RECENT HIPAA LITIGATION


Privacy Rule Does Not Violate Patient Rights

On April 2, 2004, U.S. District Judge Mary McLaughlin dismissed a lawsuit challenging the constitutionality of the HIPAA privacy rule. The suit was brought by 10 national and state organizations, including the American Association of Practicing Psychiatrists, the American Mental Health Alliance and the Citizens for Health, against the U.S. Department of Health and Human Services. The suit alleged the privacy rule was unconstitutional because it provided insurance companies, employers and others with access to identifiable health information without patient consent.

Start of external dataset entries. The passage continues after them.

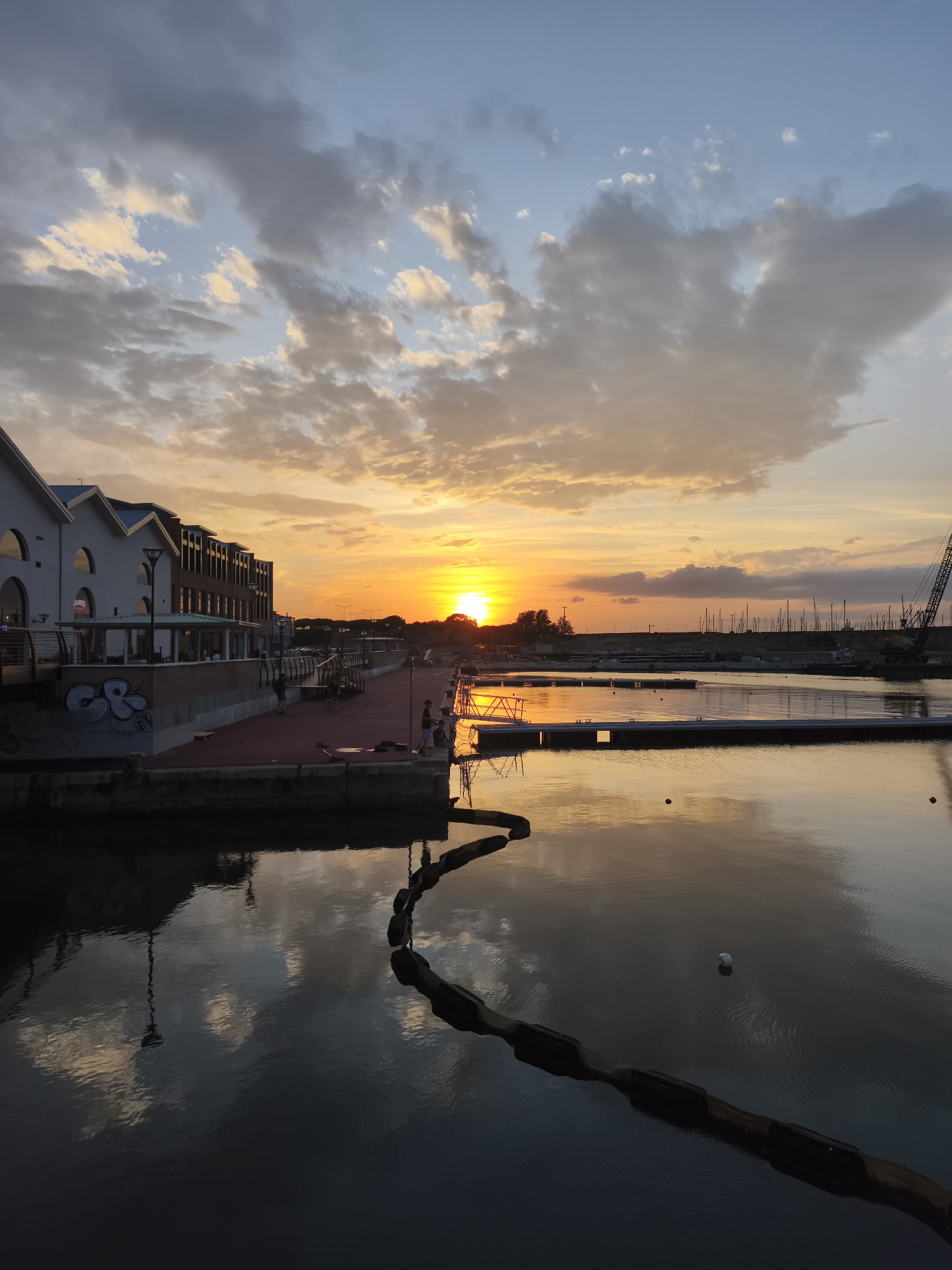 This image depicts a sunset over a harbor in Livorno, Italy. The sun is low on the horizon, casting a warm orange and yellow glow across the sky and reflecting on the calm water. In the foreground, the water is dark, with reflections of the sky and clouds visible. A dark, segmented boom floats on the water's surface.
Along the left side of the image, there is a row of modern buildings with white facades and dark roofs. These buildings appear to be shops or restaurants, with windows and covered outdoor seating areas. There are a few people visible on the paved walkway in front of these buildings. Graffiti is spray-painted on a wall in the lower left section of the image.
Further into the harbor, there are docks and numerous sailboats moored. A large crane is visible on the right side of the harbor, suggesting ongoing construction or maintenance. The water's surface in the midground and background is smoother, with clearer reflections of the sky, boats, and structures.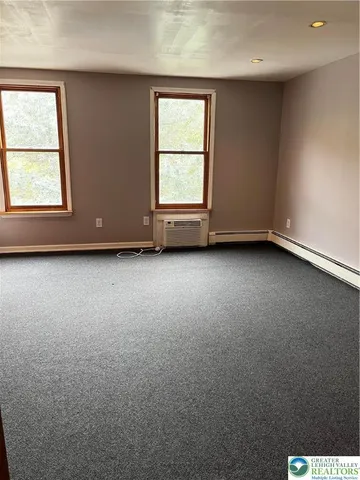 a bathroom with a glass shower door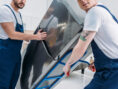 Cropped view of two movers using hand truck while transporting refrigerator in apartment.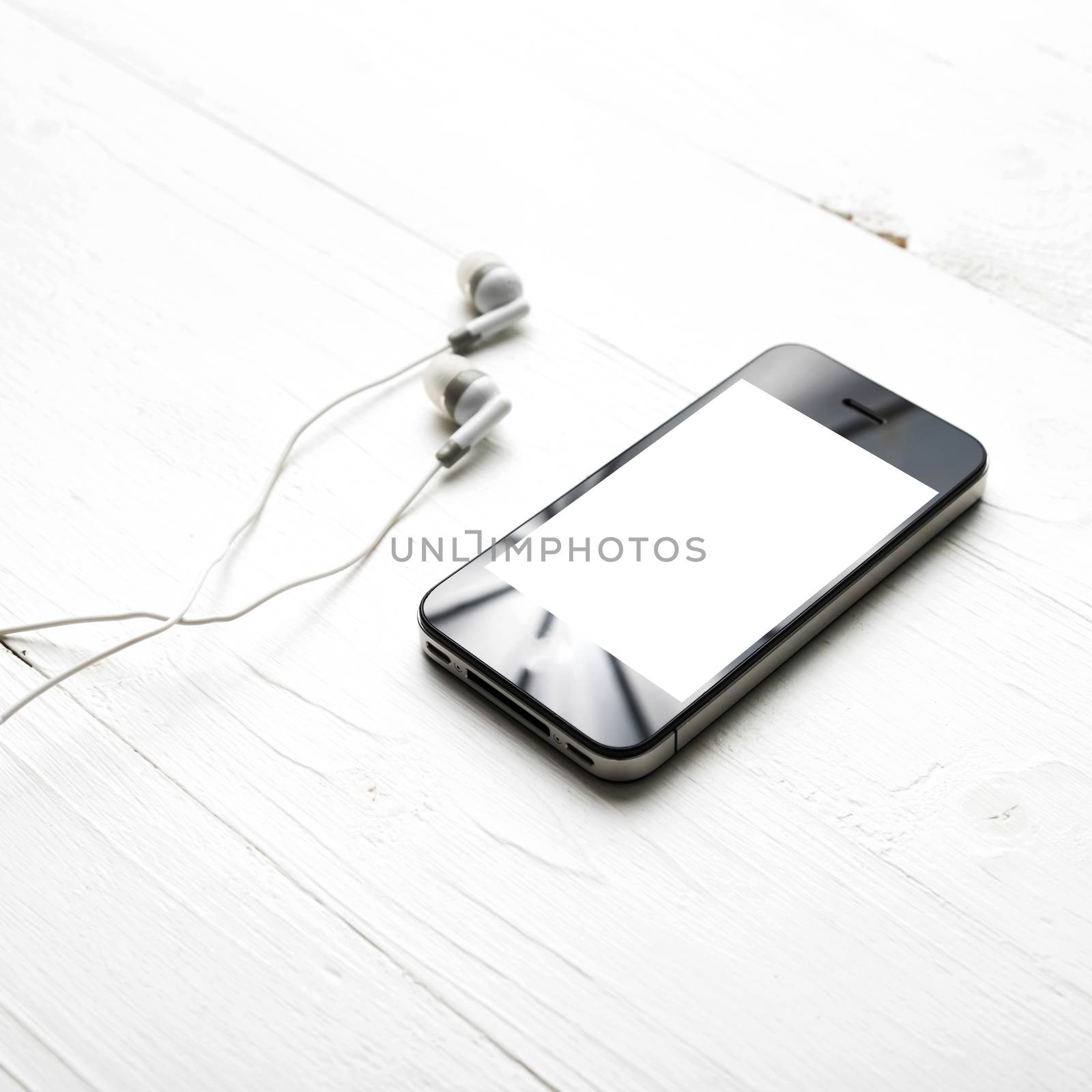 cellphone with earphone over white table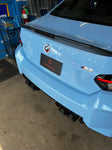 A back view of Valvetronic Designs Valved Sport Exhaust System fitted on a lifted blue car (for BMW G87 M2).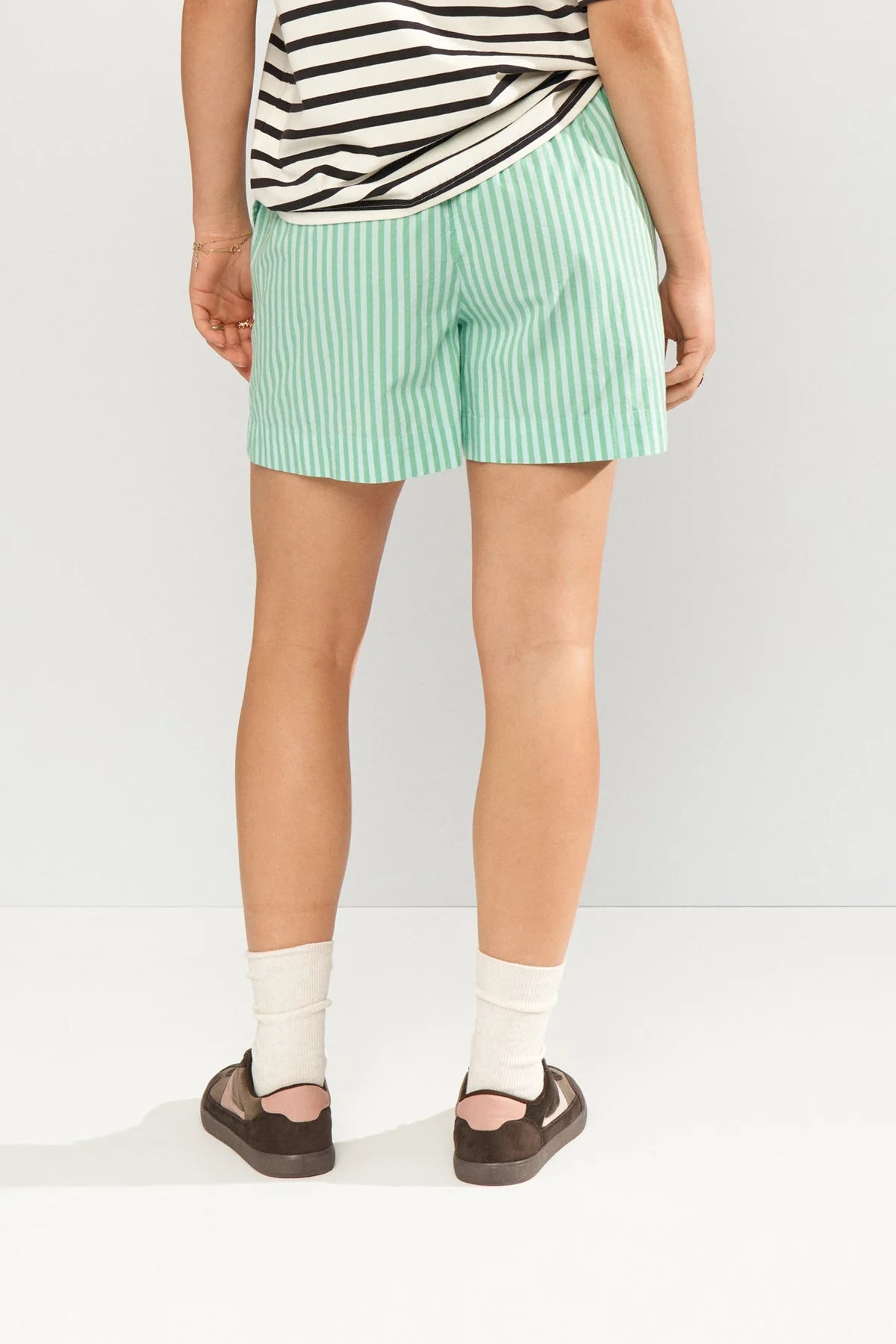 Person wearing green striped shorts and a black and white top on a white background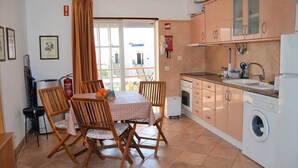A compact kitchen with wooden cabinets, a washing machine, and a dining table with chairs. - Altura T1 Algarve Sun + Beach (Altura)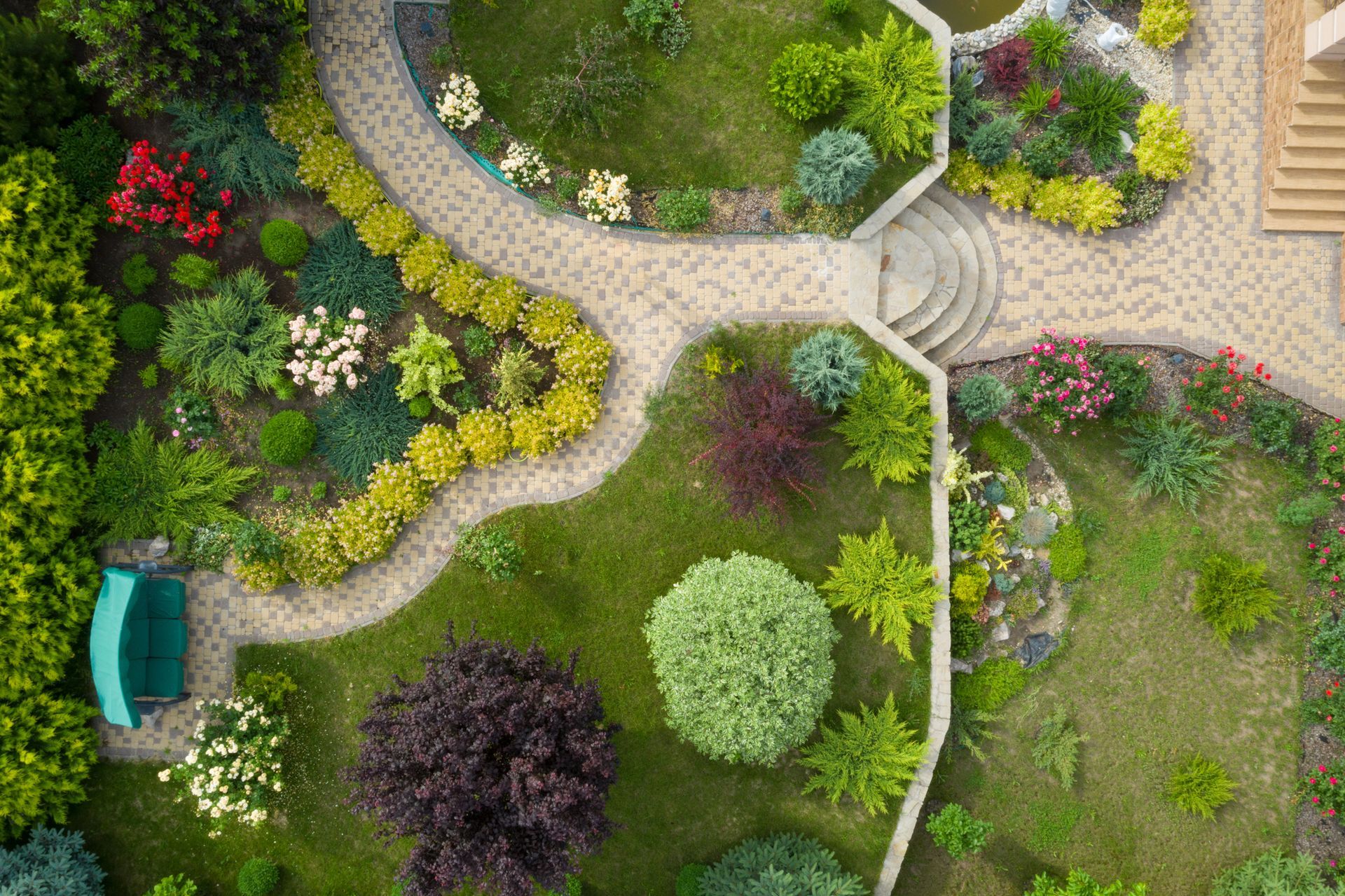 A garden view taken from above, with walkways and green grass.
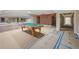Finished basement with a pool table, mirrored wall, and an arched brick alcove at , Roswell, GA 30075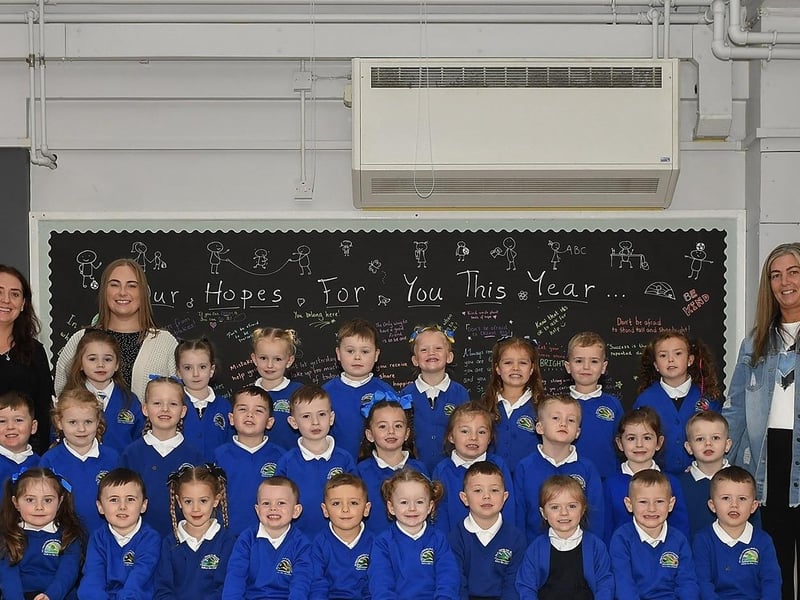 Miss Logue (left) with P1 pupils and classroom assistants at St Paul’s Primary School.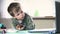 Little boy watching cartoons on laptop, stock footage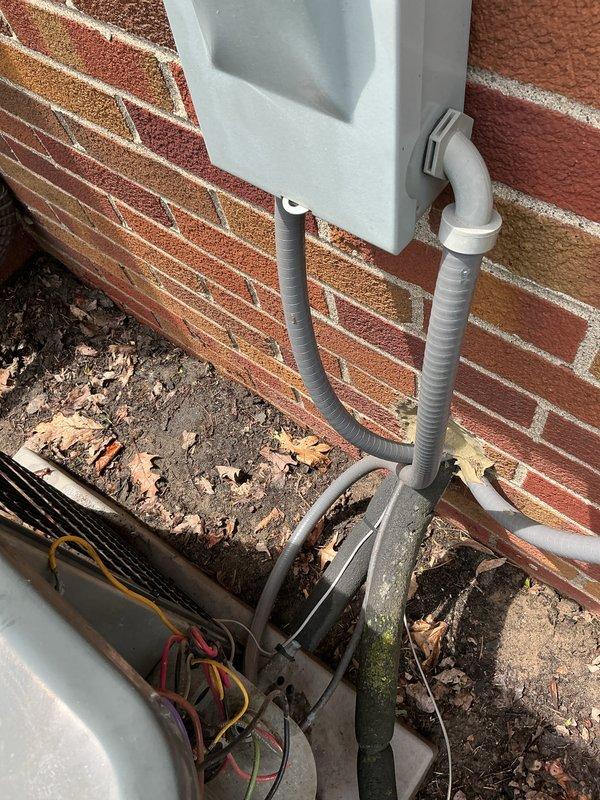 Completed annual maintenance on 1-year-old split system air conditioning unit with both lower and upper zones. Performed comprehensive tune-up including inspection of outdoor Goodman condenser unit, verified proper operation of compressor and condenser fan, checked refrigerant levels and electrical connections, cleaned coils, and assessed overall system condition. Noted visible corrosion and weathering on exterior components and electrical connections; documented equipment condition with photos for customer records.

The plaintiffs argued that the Court must declare void the August 2002 amendments to the privacy rule that eliminated the requirement of patient consent for the use of identifiable information in the course of treatment, payment and health care operations. The Court ruled the privacy rule did not violate patients’ constitutional rights to privacy and due process and that Secretary of Health and Human Services Tommy Thompson did not act arbitrarily in implementing the privacy rule. See Citizens for Health vs. Tommy Thompson2004 U.S. Dist. LEXIS 5745


HIPAA Does Not Create a Federal Physician-Patient Privilege

On March 26, 2004, the US Court of Appeals for the 7th Circuit ruled that the HIPAA Privacy Rule does not create a new federal physician-patient privilege. The Court determined that Northwestern Memorial Hospital was not required to comply with a subpoena from the Justice Department for abortion patients’ medical records. Approximately 45 subpoenaed records were sought for use in an upcoming trial in the Southern District of New York challenging the constitutionality of the Partial-Birth Abortion Ban Act of 2003.

Of significance, the Court stated that “Even if there were no possibility that a patient's identity might be learned from a redacted medical record, there would be an invasion of privacy. If Northwestern Memorial Hospital cannot shield its abortion patients' records from disclosure in judicial proceedings, moreover, the hospital will lose the confidence of its patients, and persons with sensitive medical conditions may be inclined to turn elsewhere for medical treatment.”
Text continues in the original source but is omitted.